Save context after processing a large codebase

curl -X POST localhost:8000/v1/context/save \
    -H "Content-Type: application/json" \
    -d '{"name": "my-project", "prompt": "$(cat README.md)"}'

Load saved context instantly (0.0003s)

curl -X POST localhost:8000/v1/context/load \
    -H "Content-Type: application/json" \
    -d '{"name": "my-project"}'

Download context from Cloudflare R2 (cross-Mac sync)
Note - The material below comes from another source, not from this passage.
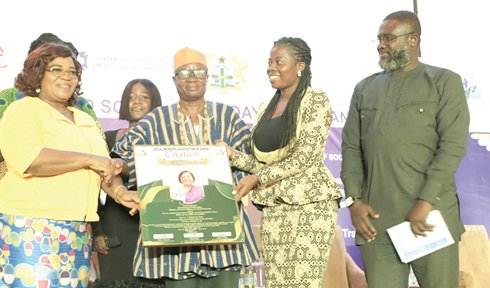Divine Exorgbe (3rd from right), President of GASOW, presenting a citation to Rev. Dr Comfort Asare (left), Director, Social Welfare Department, Ministry of Gender, Children and Social Protection. With them are some officials of the GASOW. Picture: EDNA SALVO-KOTEY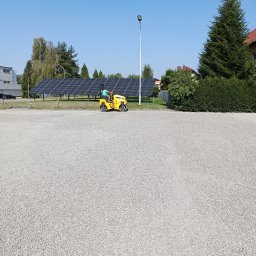 Usługi koparko-ładowarką Szymala Grzegorz - Operator na żółtym walcu drogowym zagęszcza szarą nawierzchnię z kruszywa na tle paneli słonecznych i zieleni.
# Requires R2 credentials in environment
export R2_ACCOUNT_ID=your_account_id
export R2_ACCESS_KEY_ID=your_key_id
export R2_SECRET_ACCESS_KEY=your_secret
export R2_BUCKET=your_bucket_name

curl -X POST localhost:8000/v1/context/download \
    -H "Content-Type: application/json" \
    -d '{"name": "my-project"}'

Standard OpenAI-compatible chat

import requests

response = requests.post("http://localhost:8000/v1/chat/completions", json={
    "model": "local",
    "messages": [{"role": "user", "content": "Write a Python quicksort"}],
    "stream": False
})
print(response.json()["choices"][0]["message"]["content"])

Streaming chat

import requests, json

with requests.post("http://localhost:8000/v1/chat/completions", json={
    "model": "local",
    "messages": [{"role": "user", "content": "Explain transformers"}],
    "stream": True
}, stream=True) as r:
    for line in r.iter_lines():
        if line.startswith(b"data: "):
            chunk = json.loads(line[6:])
            delta = chunk["choices"][0]["delta"].get("content", "")
            print(delta, end="", flush=True)

---

KV Cache Compression (MLX)

Compress context 4x with 99.3% similarity:

from mlx.turboquant import compress_kv_cache
from mlx.kv_cache import save_kv_cache, load_kv_cache

# After building a KV cache from a long document
compressed = compress_kv_cache(kv_cache, bits=4)  # 26.6 MB → 6.7 MB
save_kv_cache(compressed, "my-project-compressed")

# Load later
kv = load_kv_cache("my-project-compressed")

---

Flash Streaming — Out-of-Core Inference

For models larger than your RAM (research mode):

cd research/flash-streaming

# Run 35B MoE Expert Sniper (22 GB model, 1.42 GB RAM)
python3 moe_expert_sniper.py

# Run 32B dense flash stream (18.4 GB model, 4.5 GB RAM)
python3 flash_stream_v2.py

How F_NOCACHE direct I/O works

import os, fcntl

# Open model file bypassing macOS Unified Buffer Cache
fd = os.open("model.bin", os.O_RDONLY)
fcntl.fcntl(fd, fcntl.F_NOCACHE, 1)  # bypass page cache

# Aligned read (16KB boundary for DART IOMMU)
ALIGN = 16384
offset = (layer_offset // ALIGN) * ALIGN
data = os.pread(fd, layer_size + ALIGN, offset)
weights = data[layer_offset - offset : layer_offset - offset + layer_size]

MoE Expert Sniper pattern

# Router predicts which 8 of 256 experts activate per token
active_experts = router_forward(hidden_state)  # returns [8] indices

# Load only those experts from SSD (8 threads, parallel pread)
from concurrent.futures import ThreadPoolExecutor

def load_expert(expert_idx):
    offset = expert_offsets[expert_idx]
    return os.pread(fd, expert_size, offset)

with ThreadPoolExecutor(max_workers=8) as pool:
    expert_weights = list(pool.map(load_expert, active_experts))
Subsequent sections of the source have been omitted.